一番多かったのは、前時に反日デモのことを扱ったこともあって、日中関係に触れたものでした。
日本と中国の近さを指摘し、だからけんかが起きる、というもの。
土地の大小で中国には勝てない、というもの。
やっぱり尖閣諸島は日本のものだ、というもの。
なかには「第三次世界大戦が起きるから何とかしてほしい」というものまでありました。
この系統の意見に見られるのは、地理的な位置関係を短絡的に日中関係に結び付け、善悪の判断をしているものが多いということです。

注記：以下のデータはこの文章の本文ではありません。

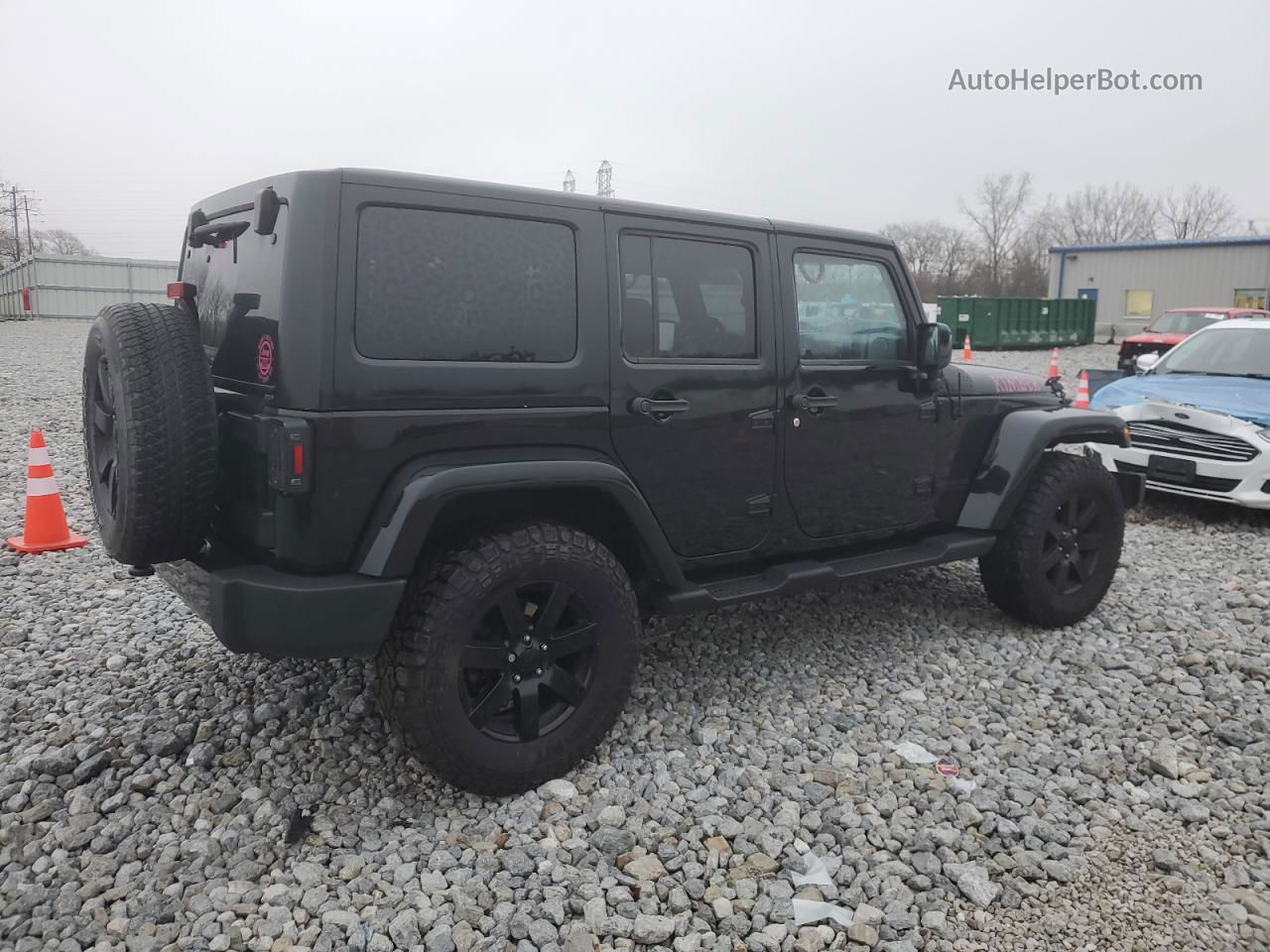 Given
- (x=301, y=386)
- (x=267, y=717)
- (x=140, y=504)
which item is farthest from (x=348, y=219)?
(x=267, y=717)

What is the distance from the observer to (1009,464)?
14.5 ft

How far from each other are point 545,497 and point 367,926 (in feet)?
4.59

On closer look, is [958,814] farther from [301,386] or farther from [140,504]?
[140,504]

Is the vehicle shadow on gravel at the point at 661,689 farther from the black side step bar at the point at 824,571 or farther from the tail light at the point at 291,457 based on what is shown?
the tail light at the point at 291,457

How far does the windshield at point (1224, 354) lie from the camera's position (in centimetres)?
759

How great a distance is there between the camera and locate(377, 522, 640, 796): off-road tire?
114 inches

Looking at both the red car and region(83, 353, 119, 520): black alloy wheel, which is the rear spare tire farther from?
the red car

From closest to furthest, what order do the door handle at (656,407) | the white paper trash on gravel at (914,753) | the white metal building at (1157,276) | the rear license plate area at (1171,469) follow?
the door handle at (656,407) → the white paper trash on gravel at (914,753) → the rear license plate area at (1171,469) → the white metal building at (1157,276)

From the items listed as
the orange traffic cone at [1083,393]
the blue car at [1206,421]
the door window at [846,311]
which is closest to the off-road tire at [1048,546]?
the door window at [846,311]

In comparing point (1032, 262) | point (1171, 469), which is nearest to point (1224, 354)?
point (1171, 469)

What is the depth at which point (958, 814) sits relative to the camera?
3084 mm

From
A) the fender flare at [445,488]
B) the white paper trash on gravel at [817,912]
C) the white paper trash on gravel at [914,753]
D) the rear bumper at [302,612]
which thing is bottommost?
the white paper trash on gravel at [817,912]

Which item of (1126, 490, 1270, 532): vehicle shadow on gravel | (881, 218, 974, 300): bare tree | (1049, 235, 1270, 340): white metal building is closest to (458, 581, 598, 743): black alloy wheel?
(1126, 490, 1270, 532): vehicle shadow on gravel

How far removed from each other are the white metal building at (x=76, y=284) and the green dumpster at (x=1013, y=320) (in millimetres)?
26863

もちろん授業で情報を与えていないのでやむをえないのですが、本当は大陸方見た日本という立場を考えてほしいところでした。
また、「何とかしてほしい」「心配だ」「怖い」など、ある意味で問題の解決を他人に委ねるような発想が多かったのも気になりました。
一方で、日中関係にこだわらず、すごくいい発想をしてくれている子もいました。
「普通の地図を見ると日本の入り口みたいな物は東京湾だと思う。だが、この地図は大陸側から見ている。そうすると日本の入り口は、日本海である。」
「私はあまりこういう地図は見ないので、少しおどろいた事は、私が思ってたよりも福岡と大韓民国がとても近いと思いました。」
「『日本海』は、他の国からも面しているのになぜ『日本海』と呼ぶのかが不思議だと思った。」
いずれも、地図を見ることによって今までの自分の物の見方を疑うような、地理的な枠組みを広げる発想ができているように思います。
これらの意見は、プリントにして紹介しました。
こういう発想を子どもたちが持ってくれるといいな、と思います。